Steven A. Godwin

Daniel Eraso


Headache is the fifth most common presenting symptom to the emergency department (ED), which recorded over 4 million visits in 2014, accounting for 3% of ED encounters.1 Most headaches stem from a benign etiology, and most symptoms are self-limiting, requiring minimal workup and treatment. Such headaches are classified as primary headaches, in contrast to secondary headaches, which are manifestations of underlying disease. The clinical challenge lies in rapidly diagnosing and treating the small minority of deadly secondary headaches masquerading as benign headaches. A focused history and physical, placing emphasis on a thorough neurologic exam, can narrow the differential diagnosis and guide the subsequent workup and treatment (Table 16.1).


Headache management often starts in the prehospital setting, with approximately 1% of emergency medical service (EMS) transports for a primary complaint of headache; however, treatment is rarely initiated. In one study, most patients transported via EMS for headache did not receive analgesic medications (>90%), and of those who did receive medication the most common analgesic was an opioid, which is incongruent with established guidelines for headache management.3 Acetaminophen, nonsteroidal anti-inflammatory drugs (NSAIDs), triptans, or antidopaminergic medications may have a role in early symptom control.

EMS systems also play a critical role in destination decisions. For suspicion of headache associated with cerebrovascular accidents, use of a standardized stroke scale such as the Cincinnati Prehospital Stroke Scale should be routinely utilized, and patients with abnormal findings should be transferred to a stroke capable facility. Similarly, headaches secondary to traumatic injury with changes in Glasgow Coma Scale (GCS), pupillary size, or vital sign abnormalities should be transferred to appropriately capable trauma centers, because decreases in mortality have been demonstrated with evaluation at major trauma centers that have neurosurgical capabilities.



The approach to the patient with headache will be driven largely by the history and physical, which in turn forms the differential diagnosis. Some of these patients will present in extremis, and rapid stabilization and resuscitation may be required. The patient that presents altered and vomiting, with difficulty protecting their airway may require endotracheal intubation to facilitate a safe workup and treatment. The underlying etiologies associated with the initial presentation of headache are diverse and may require both simple and complex stabilization strategies. Addressing the respiratory status and correcting hypoxemia as needed, optimizing hypotension and ensuring adequate cerebral perfusion pressure, or identifying and correcting hypoglycemia or other metabolic derangements all fall within the initial resuscitative pathway.

Physical Exam

Vital Signs

The physical exam starts with the evaluation of vital signs, with particular attention paid to temperature and blood pressure.

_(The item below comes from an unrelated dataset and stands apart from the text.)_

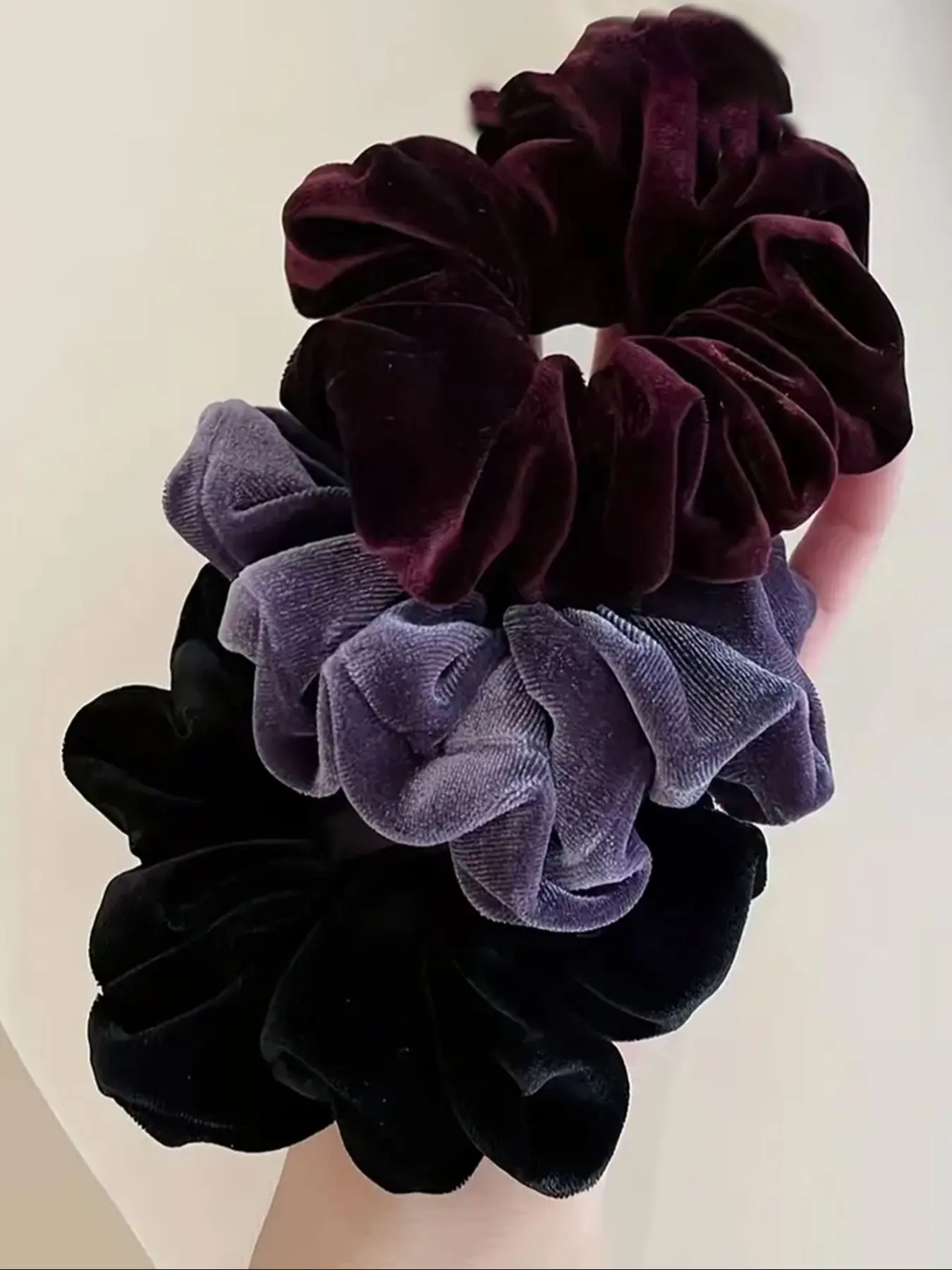 Women's New Solid Color Fashion Velvet Hair Circle Scrunchie 12cm/4.7in, Hair Scrunchies, Daily Commute School Party Gift, Bathing Washing Face Use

Headaches can develop as a nonspecific manifestation of an acute viral illness with associated fever; however, intracranial infections such as meningitis, encephalitis, and
intracranial abscess must be considered. Posterior reversible encephalopathy syndrome, intracranial hemorrhage, stroke, herniation, and preeclampsia may all present with hypertension. Hypoxia or anemia may also manifest with tachycardia and headache.

Neurologic Exam

The complete neurologic exam is outlined in Chapter 2: The Neurologic Examination. The focused neurologic exam in a patient with a complaint of headache should include a mental status exam, motor and sensory exams, gait evaluation, and cranial nerve exam. Nonfocal changes in mental status can be seen in infections or metabolic derangements. Focal neurologic deficits are associated with intracranial pathology such as stroke, intracranial hemorrhage, or more benign etiologies such as hemiplegic migraine. Cranial nerves II to VIII are particularly pertinent to the patient presenting with headache. Evaluation of cranial nerve II includes evaluation of visual fields to localize lesions in the optic tract versus cortical lesions. Fundoscopy is performed to assess for signs of papilledema. Abnormalities in extraocular movements can indicate space occupying lesions that affect cranial nerves III, IV, or VI. Aneurysmal compression of the superficial parasympathetic fibers of cranial nerve III from the posterior communicating artery can cause pupillary dilation manifesting as anisocoria.

Head and Neck

Headache associated with stiff or painful neck movements can reflect inflammation of the meninges and can be seen in meningitis and SAH. Tenderness to palpation along the temporal arteries is concerning for GCA. Palpation lateral to the occipital protuberance may reproduce pain originating from occipital neuralgia. Frontal or maxillary tenderness may represent sinusitis. Acute otitis media can cause headache, and mastoid tenderness is commonly seen in mastoiditis.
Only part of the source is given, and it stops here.